Seasonal ESD is an anomaly detection algorithm implemented at Twitter: https://arxiv.org/pdf/1704.07706.pdf.

The algorithm uses the Extreme Studentized Deviate test (also known as Grubbs Test) to calculate the anomalies. In fact, the novelty doesn't come in the fact that ESD is used, but rather on what it is tested.

The problem with the ESD test on its own is that it assumes a normal data distribution, while real world data can have a multimodal distribution. To circumvent this, STL decomposition is used. Any time series can be decomposed with STL decomposition into a seasonal, trend, and residual component. The key is that the residual has a unimodal distribution that ESD can test.

However, there is still the problem that extreme, spurious anomalies can corrupt the residual component. To fix it, the paper proposes to use the median to represent the "stable" trend, instead of the trend found by means of STL decomposition.

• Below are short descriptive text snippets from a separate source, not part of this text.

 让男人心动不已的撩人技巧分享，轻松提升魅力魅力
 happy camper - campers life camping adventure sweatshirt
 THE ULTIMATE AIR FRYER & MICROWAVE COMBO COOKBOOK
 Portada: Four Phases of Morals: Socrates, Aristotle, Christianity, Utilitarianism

Finally, for data sets that have a high percentage of anomalies, the research papers proposes to use the median and Median Absolute Deviate (MAD) instead of the mean and standard deviation to compute the z-score. Using MAD enables a more consistent measure of central tendency of a time series with a high percentage of anomalies.

Grubbs Test

Two-sided case

Grubbs's test is defined for the hypothesis:

$H_{0}$: There are no outliers in the data set $H_{a}$: There is exactly one outlier in the data set

The Grubbs test statistic is defined as: $$G = \frac{\max_{i-1,\dots,N}{|Y_{i} - \bar{Y}|}}{s}$$

where $\bar{Y}$ and $s$ denoting the sample mean and the sample standard deviation, respectively. The Grubbs test statistic is the largest absolute deviation from the sample mean in units of the sample standard deviation.

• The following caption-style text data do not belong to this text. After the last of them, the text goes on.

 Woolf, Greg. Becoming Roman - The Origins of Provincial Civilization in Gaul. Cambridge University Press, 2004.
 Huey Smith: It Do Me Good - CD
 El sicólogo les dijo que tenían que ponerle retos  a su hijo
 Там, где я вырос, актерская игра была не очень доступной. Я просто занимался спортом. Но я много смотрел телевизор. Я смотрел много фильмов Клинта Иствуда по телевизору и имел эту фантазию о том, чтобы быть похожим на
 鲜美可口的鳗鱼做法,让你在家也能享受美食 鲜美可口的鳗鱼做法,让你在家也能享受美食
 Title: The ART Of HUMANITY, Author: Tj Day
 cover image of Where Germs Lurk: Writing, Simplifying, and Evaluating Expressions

This is the two-sided test, for which the hypothesis of no outliers is rejected at significance level $\alpha$ if

$$ G > \frac{N - 1}{\sqrt{N}}\sqrt\frac{t^{2}{\alpha / (2N), N-2}}{N - 2 + t^{2}{\alpha/(2N),N-2} } $$

with $t^{2}_{\alpha / (2N), N-2}$ denoting the upper critical value of the t-distribution with $N-2$ degrees of freedom and a significance level of $\alpha/(2N)$.

One-sided case

The Grubbs test can also be defined as a one-sided test, replacing $\alpha/(2N)$ with $\alpha/N$. To test whether the minimum value is an outlier, the test statistic is

$$G = \frac{\bar{Y} - Y_{\min}}{s}$$

with $Y_{\min}$ denoting the minimum value. To test whether the maximum value is an outlier, the test statistic is

$$G = \frac{ Y_{\max} - \bar{Y}}{s}$$

with $Y_{\max}$ denoting the maximum value.